I'm trying to solve the following integral $$I=\int_0^1\sqrt{x-x^2}dx$$ I know that this can be done without using a trigonometric substitution. (its the area of half a circle and is equal to $\pi/8$).

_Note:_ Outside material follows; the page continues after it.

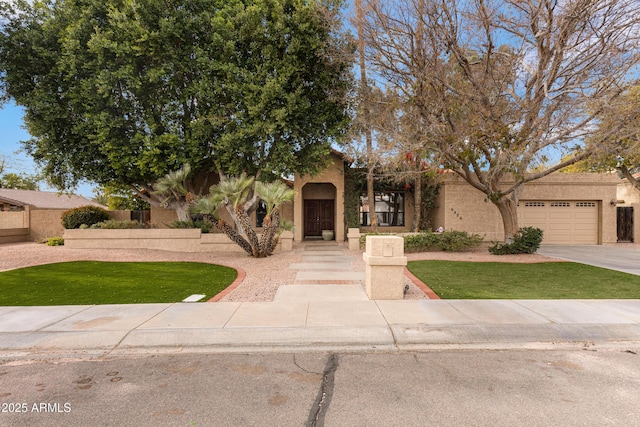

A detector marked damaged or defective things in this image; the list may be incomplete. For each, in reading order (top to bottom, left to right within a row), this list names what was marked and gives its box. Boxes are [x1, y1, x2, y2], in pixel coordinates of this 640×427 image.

crack in pavement [306, 352, 340, 426]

My problem is when using a trig substitution my answer is $-\pi/8$ which does not make sense to me and I'm not sure what went wrong.
By completing the square I'll get $$x-x^2=-\left(x^2-x+\frac{1}{4}-\frac{1}{4}\right)=\frac{1}{4}-\left(x-\frac{1}{2}\right)^2$$
My substitution is $x-\frac{1}{2}=\frac{1}{2}\sin(\theta)$ so I'll have the following
\begin{align}I&=\int\sqrt{\frac{1}{4}-\left(\frac{1}{2}\sin(\theta)\right)^2}\frac{1}{2}\cos(\theta)d\theta\\&=\frac{1}{4}\int\cos^2(\theta)d\theta \\&=\frac{1}{4}\int\frac{1}{2}\left(1+\cos(2\theta)\right)d\theta\\ &=\frac{1}{8}(\theta+\sin(\theta)\cos(\theta))d\theta\\&=\frac{1}{8}\left(\arcsin(2x-1)+(2x-1)\sqrt{1-(2x-1)^2}\right)\end{align} Now if I plug in one and zero I get the following $$\frac{1}{8}\left(\arcsin(1)+0-(\arcsin(-1)+0)\right)=\frac{1}{8}\left(\frac{\pi}{2}-\frac{3\pi}{2}\right)=-\frac{\pi}{8}$$
Did I miss something?
$$I = \int_0^1 \sqrt{x-x^2} dx = \int_0^1 \sqrt{\frac{1}{4}-(x-\frac{1}{2})^2} dx$$ Let $u = x - \frac{1}{2}$, then $$I = \int_{-\frac{1}{2}}^{\frac{1}{2}} \sqrt{\frac{1}{4}-u^2} du$$ Now let $u = \frac{1}{2}\sin \theta$ then $du = \frac{1}{2}\cos \theta ~d\theta$. Note that: for $u = \frac{1}{2}$ we have $\theta = \frac{\pi}{2}$ and for $u = -\frac{1}{2}$ we have $\theta = -\frac{\pi}{2}$. Now we Substitute in the integral $$I = \int_{-\frac{\pi}{2}}^{\frac{\pi}{2}} \sqrt{\frac{1}{4}-\frac{1}{4}\sin^2\theta} .\frac{1}{2}\cos \theta ~d\theta = \frac{1}{4}\int_{-\frac{\pi}{2}}^{\frac{\pi}{2}}\cos^2 \theta ~d \theta = \frac{1}{8} \int_{-\frac{\pi}{2}}^{\frac{\pi}{2}} 1 + \cos 2\theta ~d\theta = \frac{\pi}{8}.$$ Note that $\sqrt{\cos^2\theta} = \cos \theta$ sine we are working on the interval $[-\frac{\pi}{2},\frac{\pi}{2}]$ the cosine is positive on this interval.